先日チェックしたら、上記記事での予測どおり、昨年の12月23日付けで商標法3条1項6号(需要者が何人かの業務に係る商品又は役務であることを認識することができない商標)を根拠に拒絶理由通知が出ていました(まだ出願人からの応答はありません)。記事中では審査官へのヒントとして情報提供(刊行物等提出)を行うこともできると書きましたが、そうするまでもなく、審査官は拒絶理由を出したことになります。一般論ですが、3条1項6号への反論は、「需要者が何人かの業務に係る商品又は役務であることを認識している」ことを立証しなければいけないのでよほど周知商標化していない限り困難です。
拒絶理由通知には以下のように淡々と書かれています。
「別掲」とは「ピクシブ百科事典」等です。最近の特許庁の運用では、ネットミーム的な言葉は、たとえ、マスメディアで広く使われていなくても、ネット上の情報に基づいて3条1項6号で拒絶することが多くなっています。特定の企業や個人が独占するのは妥当ではない、かと言って4条1項7号(公序良俗違反)で拒絶にするほどでもないということで妥当な運用ではと思います。ネットミームの由来と全然関係ない人が抜け駆け的に商標登録出願しても料金が無駄になる(下手すると炎上する)だけなので、やめておいた方がよいでしょう。

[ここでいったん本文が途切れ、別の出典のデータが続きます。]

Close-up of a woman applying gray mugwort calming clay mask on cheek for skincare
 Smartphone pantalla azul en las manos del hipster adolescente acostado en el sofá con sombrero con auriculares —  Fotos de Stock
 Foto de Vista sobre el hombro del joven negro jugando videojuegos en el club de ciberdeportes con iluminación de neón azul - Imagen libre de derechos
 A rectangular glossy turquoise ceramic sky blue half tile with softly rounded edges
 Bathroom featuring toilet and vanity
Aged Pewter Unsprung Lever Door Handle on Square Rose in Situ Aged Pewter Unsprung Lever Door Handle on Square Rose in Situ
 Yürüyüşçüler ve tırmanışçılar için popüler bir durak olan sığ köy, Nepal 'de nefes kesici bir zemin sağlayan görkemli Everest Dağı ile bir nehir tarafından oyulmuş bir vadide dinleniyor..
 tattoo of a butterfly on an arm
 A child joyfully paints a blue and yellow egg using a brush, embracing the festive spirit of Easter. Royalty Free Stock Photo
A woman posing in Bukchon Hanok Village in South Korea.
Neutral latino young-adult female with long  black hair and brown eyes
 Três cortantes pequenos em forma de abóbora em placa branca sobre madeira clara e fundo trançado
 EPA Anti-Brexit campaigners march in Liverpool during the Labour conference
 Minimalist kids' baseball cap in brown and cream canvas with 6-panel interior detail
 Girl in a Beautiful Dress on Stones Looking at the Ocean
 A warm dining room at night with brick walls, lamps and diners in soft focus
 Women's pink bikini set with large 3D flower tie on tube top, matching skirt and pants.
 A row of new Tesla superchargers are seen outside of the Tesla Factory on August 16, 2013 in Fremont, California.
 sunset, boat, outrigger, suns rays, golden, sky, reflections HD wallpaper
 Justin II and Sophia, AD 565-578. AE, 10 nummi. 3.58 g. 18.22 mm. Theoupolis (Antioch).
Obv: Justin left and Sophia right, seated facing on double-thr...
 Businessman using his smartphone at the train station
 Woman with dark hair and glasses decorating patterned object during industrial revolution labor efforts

なお、ドワンゴによる「ゆっくり劇場」「ゆっくり実況」「ゆっくり解説」の出願のように、商標権を独占するためではなく、第三者による勝手出願を防ぐための防御的出願のケース、あるいは、誰が出願しても登録されない、いわばパブリックドメイン的な言葉になっていることを確認するために出願されるケースもありますので、ネットミームの商標登録出願が即批判すべき行為というわけではない点には注意が必要です。